Kamala Lopez is an actress, screenwriter, director and producer. Lopez has worked as an actor in over thirty feature films including Born in East L.A., Deep Cover, The Burning Season (winner of 2 Emmys, 3 Golden Globes and the Humanitas Prize), Clear and Present Danger, Lightning Jack, and I Heart Huckabees. She has starred in over sixty television shows including Medium, 24, Alias, NYPD Blue, Hill Street Blues, Miami Vice, 21 Jump Street (winner of the Imagen Award). She also hosted the PBS series Wired Science.

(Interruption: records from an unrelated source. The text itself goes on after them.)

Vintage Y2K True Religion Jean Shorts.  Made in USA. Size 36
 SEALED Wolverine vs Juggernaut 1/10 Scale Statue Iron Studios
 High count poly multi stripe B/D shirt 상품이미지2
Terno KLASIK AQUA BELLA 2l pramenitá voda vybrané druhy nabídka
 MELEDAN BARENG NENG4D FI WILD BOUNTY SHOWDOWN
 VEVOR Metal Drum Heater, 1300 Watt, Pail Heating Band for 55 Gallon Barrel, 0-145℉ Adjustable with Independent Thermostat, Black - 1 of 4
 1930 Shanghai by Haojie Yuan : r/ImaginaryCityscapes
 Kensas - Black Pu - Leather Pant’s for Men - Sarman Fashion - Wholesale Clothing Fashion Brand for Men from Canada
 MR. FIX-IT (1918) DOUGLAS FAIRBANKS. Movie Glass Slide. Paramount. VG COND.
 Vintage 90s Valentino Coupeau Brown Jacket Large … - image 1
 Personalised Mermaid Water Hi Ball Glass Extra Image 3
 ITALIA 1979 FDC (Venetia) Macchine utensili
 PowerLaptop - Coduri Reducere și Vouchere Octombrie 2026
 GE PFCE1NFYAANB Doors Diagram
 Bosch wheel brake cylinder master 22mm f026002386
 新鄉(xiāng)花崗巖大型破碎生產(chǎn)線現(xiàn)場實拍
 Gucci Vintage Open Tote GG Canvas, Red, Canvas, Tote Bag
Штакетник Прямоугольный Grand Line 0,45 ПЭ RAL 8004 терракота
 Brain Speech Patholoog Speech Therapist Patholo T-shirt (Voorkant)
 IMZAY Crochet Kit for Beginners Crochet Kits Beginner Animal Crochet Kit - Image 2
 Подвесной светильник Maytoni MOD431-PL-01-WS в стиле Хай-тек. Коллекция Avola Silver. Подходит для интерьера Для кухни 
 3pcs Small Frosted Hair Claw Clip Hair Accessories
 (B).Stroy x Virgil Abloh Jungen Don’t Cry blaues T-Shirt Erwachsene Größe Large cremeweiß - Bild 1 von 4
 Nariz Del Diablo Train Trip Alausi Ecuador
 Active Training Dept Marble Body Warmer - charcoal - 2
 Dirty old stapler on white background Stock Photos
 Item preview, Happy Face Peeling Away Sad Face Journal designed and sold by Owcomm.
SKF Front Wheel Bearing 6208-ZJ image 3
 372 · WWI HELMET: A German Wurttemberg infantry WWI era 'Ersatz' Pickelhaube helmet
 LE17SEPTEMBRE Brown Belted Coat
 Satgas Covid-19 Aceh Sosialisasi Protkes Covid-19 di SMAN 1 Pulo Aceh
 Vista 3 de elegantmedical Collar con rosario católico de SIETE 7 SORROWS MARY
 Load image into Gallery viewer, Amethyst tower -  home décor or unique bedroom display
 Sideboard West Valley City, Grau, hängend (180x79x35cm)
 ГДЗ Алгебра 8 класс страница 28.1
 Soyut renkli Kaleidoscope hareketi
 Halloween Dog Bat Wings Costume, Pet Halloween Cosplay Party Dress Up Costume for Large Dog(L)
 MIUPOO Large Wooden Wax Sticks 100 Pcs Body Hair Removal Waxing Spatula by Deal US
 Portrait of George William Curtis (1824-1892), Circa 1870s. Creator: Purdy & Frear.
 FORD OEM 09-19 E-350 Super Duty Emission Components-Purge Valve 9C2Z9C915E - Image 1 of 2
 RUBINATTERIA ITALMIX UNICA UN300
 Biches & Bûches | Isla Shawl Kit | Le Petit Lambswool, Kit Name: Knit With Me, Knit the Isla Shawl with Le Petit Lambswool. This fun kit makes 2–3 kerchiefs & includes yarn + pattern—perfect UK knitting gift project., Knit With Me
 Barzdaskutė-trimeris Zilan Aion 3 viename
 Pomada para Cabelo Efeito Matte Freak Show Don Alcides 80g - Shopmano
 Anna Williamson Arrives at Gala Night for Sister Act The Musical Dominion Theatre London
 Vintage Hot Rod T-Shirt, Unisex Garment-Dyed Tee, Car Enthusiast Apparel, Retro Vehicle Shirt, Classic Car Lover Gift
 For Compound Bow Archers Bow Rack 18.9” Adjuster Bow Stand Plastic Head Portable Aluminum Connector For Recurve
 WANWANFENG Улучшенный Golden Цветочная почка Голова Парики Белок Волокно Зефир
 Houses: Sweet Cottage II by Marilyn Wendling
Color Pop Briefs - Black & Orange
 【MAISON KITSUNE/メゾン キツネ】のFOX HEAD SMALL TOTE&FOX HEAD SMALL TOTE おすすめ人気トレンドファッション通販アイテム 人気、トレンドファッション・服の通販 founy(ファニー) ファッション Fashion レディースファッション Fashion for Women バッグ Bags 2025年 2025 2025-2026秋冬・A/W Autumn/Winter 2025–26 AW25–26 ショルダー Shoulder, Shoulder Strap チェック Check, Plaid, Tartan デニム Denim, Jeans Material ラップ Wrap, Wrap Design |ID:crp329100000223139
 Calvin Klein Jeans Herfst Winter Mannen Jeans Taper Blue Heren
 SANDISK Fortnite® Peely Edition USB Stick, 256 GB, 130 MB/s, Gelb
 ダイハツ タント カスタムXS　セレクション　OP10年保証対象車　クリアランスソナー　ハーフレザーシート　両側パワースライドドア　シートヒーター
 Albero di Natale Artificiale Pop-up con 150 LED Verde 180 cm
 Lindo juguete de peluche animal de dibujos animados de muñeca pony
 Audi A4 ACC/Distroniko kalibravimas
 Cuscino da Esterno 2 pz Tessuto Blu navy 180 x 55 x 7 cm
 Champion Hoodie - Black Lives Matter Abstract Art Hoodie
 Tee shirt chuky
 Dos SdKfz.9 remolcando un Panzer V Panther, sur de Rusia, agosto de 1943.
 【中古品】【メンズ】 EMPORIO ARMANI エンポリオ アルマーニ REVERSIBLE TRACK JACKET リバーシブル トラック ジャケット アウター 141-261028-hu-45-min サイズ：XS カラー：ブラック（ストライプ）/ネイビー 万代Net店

Her feature directorial debut, A Single Woman, about the life of first Congresswoman Jeannette Rankin, won the 2009 Exceptional Merit in Media Award from the National Women’s Political Caucus. In 2012 her short Spanish-language film “Ese Beso” won the Audience Award at the Boyle Heights Latina Film Festival.

Lopez formed production company Heroica Films in 1995 with the mission to write, direct and produce media for women, about women and utilizing women both in front and behind the camera. Since then Lopez and Heroica Films have produced, directed and written many short films, several features, film festivals, podcasts and virtual internet media campaigns.

Lopez is Founder and Executive Director of The ERA Education Project, a new national media campaign to educate the public about the need to ratify the Equal Rights Amendment. She is the Founding Director of the Los Angeles Bureau of GlobalGirl Media, which nurtures the voices and self-expression of young girls internationally. Lopez sits on the Boards of Girls & Gangs and The Women’s International Film and Television Showcase, is a blogger for Huffington Post and an Aspen Institute Scholar.

She is a 2011 Woman of Courage award-winner (from NWPC) and was just named one of the 21 Leaders for the 21st Century by Women’s eNews.